# Hybrid Slingshots



## bunnybuster (Dec 26, 2009)

Hi folks,
Recently I have been fabricating these type slingshots.
They are a combination of wood, and steel. I have designed the forks so that they will swivel and follow your pull,
no matter how you hold the piece. It makes for a really accurate slingshot, and most forgiving if your draw is not exactly the same,shot for shot. The forks are formed and welded with a threaded rod through the handle. The locking nut on the bottom, can be adjusted for the amount of swivel,free play on the fork. I make the handles out of different types of wood and also different designs.
I have set them up with tubes and flatbands, both. They will shoot anything from marbles to lead balls.
I reallly like the way they shoot.
Tom


----------



## shot in the foot (Jan 3, 2010)

Thats differant' looks a good tool for hunting, it will be brill for quick fire, like it, jeff


----------



## dgui (Jan 12, 2010)

bunnybuster said:


> Hi folks,
> Recently I have been fabricating these type slingshots.
> They are a combination of wood, and steel. I have designed the forks so that they will swivel and follow your pull,
> no matter how you hold the piece. It makes for a really accurate slingshot, and most forgiving if your draw is not exactly the same,shot for shot. The forks are formed and welded with a threaded rod through the handle. The locking nut on the bottom, can be adjusted for the amount of swivel,free play on the fork. I make the handles out of different types of wood and also different designs.
> ...


thats one sweet design


----------



## JoergS (Dec 17, 2009)

Bunnybuster, I also have achieved very good results with "self centering" rotating handle slingshots. But I noticed that without ball bearings, the friction increased the more I drew out, so with strong bands the fork would no longer follow the turn of the bands. Oil helped, but only some. Did you notice the same effect?

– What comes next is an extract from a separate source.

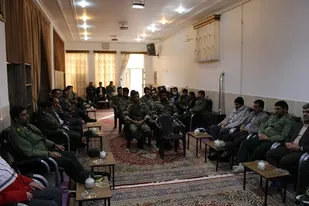 دیدار جمعی از بسیجیان و فرماندهان ناحیه مقاومت بسیج شهرستان با امام جمعه مهریز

Ball bearings of all sizes can be found cheaply on ebay. My rotating slingshots improved very much once I added the bearings. Even with the strongest bands at full extension, the swivelling is easy and reacts perfectly well.

Jörg


----------



## jmplsnt (Jan 1, 2010)

Two thoughts on this subject:

1) I like the Bunny Buster design--simple and lightweight.
2) It's far past time for Jeorg to enter the commercial market and begin selling his creations.


----------



## julesj (Dec 24, 2009)

Yes but if he did decide to sell them there would be a three year waiting list within an hour or two


----------



## JoergS (Dec 17, 2009)

julesj said:


> Yes but if he did decide to sell them there would be a three year waiting list within an hour or two


Plus, I'd have no time for new designs. The one I plan on making today has no less than 10 ball bearings, a total of 5 rollers, but will still be very compact. Do you really want me to sacrifice these interesting new projects for mere money?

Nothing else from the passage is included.